Analysis of the other threads in the application shows that one other thread is 
attempting to make a call to a remote CORBA object via SSLIOP. The top of this 
thread's call stack is

  tao_ssliopd.dll!TAO_SSLIOP_Connector::ssliop_connect()
  tao_ssliopd.dll!TAO_SSLIOP_Connector::connect()
  taod.dll!TAO_GIOP_Invocation::perform_call()
  taod.dll!TAO_Default_Endpoint_Selector::endpoint_from_profile()
  taod.dll!TAO_Default_Endpoint_Selector::select_endpoint()
  taod.dll!TAO_GIOP_Invocation::start()
  taod.dll!TAO_GIOP_Twoway_Invocation::start()

The endpoint passed to ssliop_connect() is the endpoint of the local ORB, so it 
is present in the transport cache. Looking at the ssliop_connect() code, after 
setting up a service handler, the connector makes the following calls to set up 
this local endpoint:

  ssl_endpoint->qop (qop);
  ssl_endpoint->trust (trust);
  ssl_endpoint->credentials (credentials.in ());

It appears that the last of these lines is the problem. If this line is 
executed while another thread is in TAO_SSLIOP_Endpoint::hash(), the updating 
of the credentials object causes the thread in hash() to fail, as it is not 
expecting the credentials object to be replaced, and has no way of protecting 
against it.

As an aside, this problem was previously masked by bug #1508, which resulted in 
the credentials object being nil in almost all circumstances.

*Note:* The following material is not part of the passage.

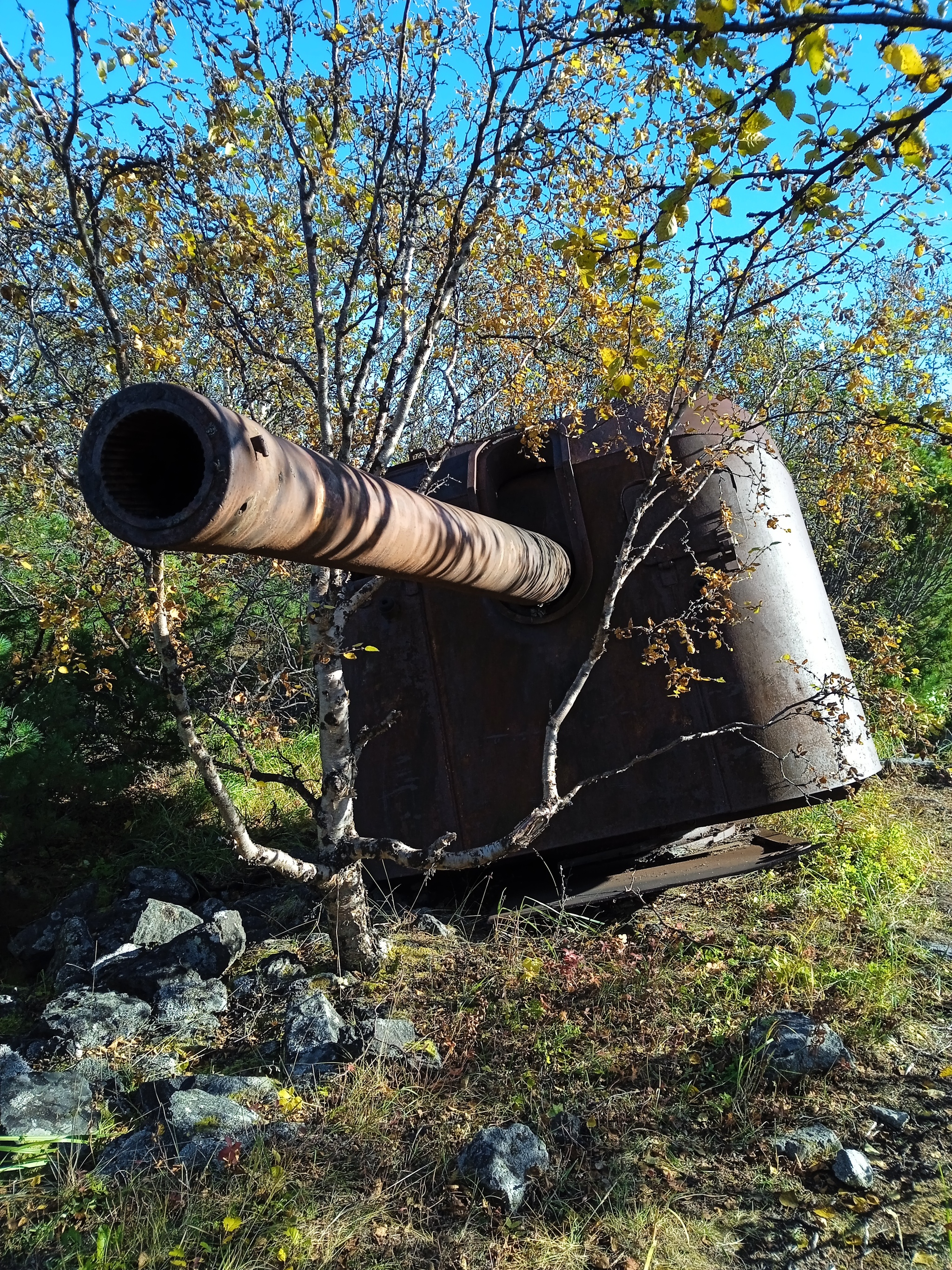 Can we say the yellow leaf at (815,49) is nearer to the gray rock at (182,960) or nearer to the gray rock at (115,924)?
the gray rock at (182,960)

This was all tested with TAO 1.3.0, but looking at CVS the problem is still 
present in the latest version.

SAMPLE FIX/WORKAROUND:

Having got this far, I was intending to produce a patch to fix this problem. 
However, there is a problem: If the requirement is that the transport cache can 
be scanned without holding additional locks, there is no completely safe way to 
replace the credentials member of the SSLIOP endpoint. I can see a couple of 
possible approaches:

1) Don't call the credentials object in TAO_SSLIOP_Endpoint::hash(). This is 
the temporary solution I've adopted, and it does prevent the crash in our test 
harness. However, calling other TAO_SSLIOP_Endpoint methods that access the 
credentials object could equally well cause this crash, so it is hardly an 
ideal solution.

2) Hold a reference to the old credentials object in ssliop_connect(), and only 
delete the old credentials object at the end of the function. This should 
ensure that any function using the old credentials object will exit before the 
credentials object is deleted. However, it does not guarantee that this will 
happen: it just relies on functions that access the credentials object only 
doing so for a short time. It could also fail as an approach on any 
architecture that cannot read or write a pointer value as an atomic operation.

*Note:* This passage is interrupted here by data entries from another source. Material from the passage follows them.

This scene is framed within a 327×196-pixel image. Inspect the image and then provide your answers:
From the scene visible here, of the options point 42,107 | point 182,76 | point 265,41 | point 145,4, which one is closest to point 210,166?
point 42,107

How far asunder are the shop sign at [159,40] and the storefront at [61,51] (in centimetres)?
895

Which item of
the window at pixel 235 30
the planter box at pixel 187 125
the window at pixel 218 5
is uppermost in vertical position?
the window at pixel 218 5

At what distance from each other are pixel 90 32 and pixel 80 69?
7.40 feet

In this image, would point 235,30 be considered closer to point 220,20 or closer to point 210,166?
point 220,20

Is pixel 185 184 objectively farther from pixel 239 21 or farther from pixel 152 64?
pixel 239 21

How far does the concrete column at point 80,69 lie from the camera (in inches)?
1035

3) Don't update the credentials object in the endpoint in ssliop_connect() if 
one is already present in the endpoint. Since the endpoint in question is that 
of the local ORB, it isn't clear to me whether it would be valid for the 
credentials on this endpoint to ever change, once created.

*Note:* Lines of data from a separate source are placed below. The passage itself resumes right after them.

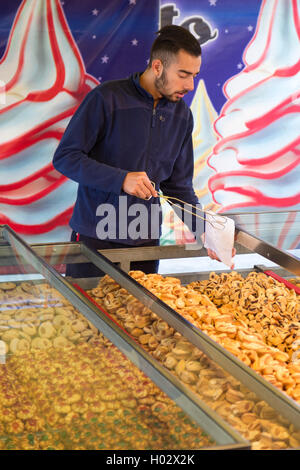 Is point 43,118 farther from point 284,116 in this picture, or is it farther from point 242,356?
point 242,356

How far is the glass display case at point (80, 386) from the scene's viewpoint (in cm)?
111

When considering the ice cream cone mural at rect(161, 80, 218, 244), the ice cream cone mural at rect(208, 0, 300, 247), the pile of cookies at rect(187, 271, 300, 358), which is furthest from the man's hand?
Result: the ice cream cone mural at rect(208, 0, 300, 247)

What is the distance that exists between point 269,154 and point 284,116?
314 mm

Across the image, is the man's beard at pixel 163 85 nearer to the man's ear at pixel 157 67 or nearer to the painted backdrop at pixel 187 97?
the man's ear at pixel 157 67

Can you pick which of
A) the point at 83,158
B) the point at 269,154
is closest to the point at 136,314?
the point at 83,158

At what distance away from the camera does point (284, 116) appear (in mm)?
4547

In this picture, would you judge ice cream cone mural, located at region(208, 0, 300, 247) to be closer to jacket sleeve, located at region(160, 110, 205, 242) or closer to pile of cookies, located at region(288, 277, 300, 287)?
jacket sleeve, located at region(160, 110, 205, 242)

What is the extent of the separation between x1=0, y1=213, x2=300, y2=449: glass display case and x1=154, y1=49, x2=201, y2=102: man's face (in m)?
0.62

4) Protect access to the credentials_ member of TAO_SSLIOP_Endpoint with a 
lock. This should solve the problem, but will mean locks being acquired while 
scanning the transport cache. That could be addressed by either not including 
the credentials hash in the endpoint hash, or by precomputing the credentials 
hash and storing it as a member in the endpoint, so that the lock would not 
need to be held while calculating the hash.

If someone could provide guidance on the approach to take, I will happily look 
into generating a patch to solve all this.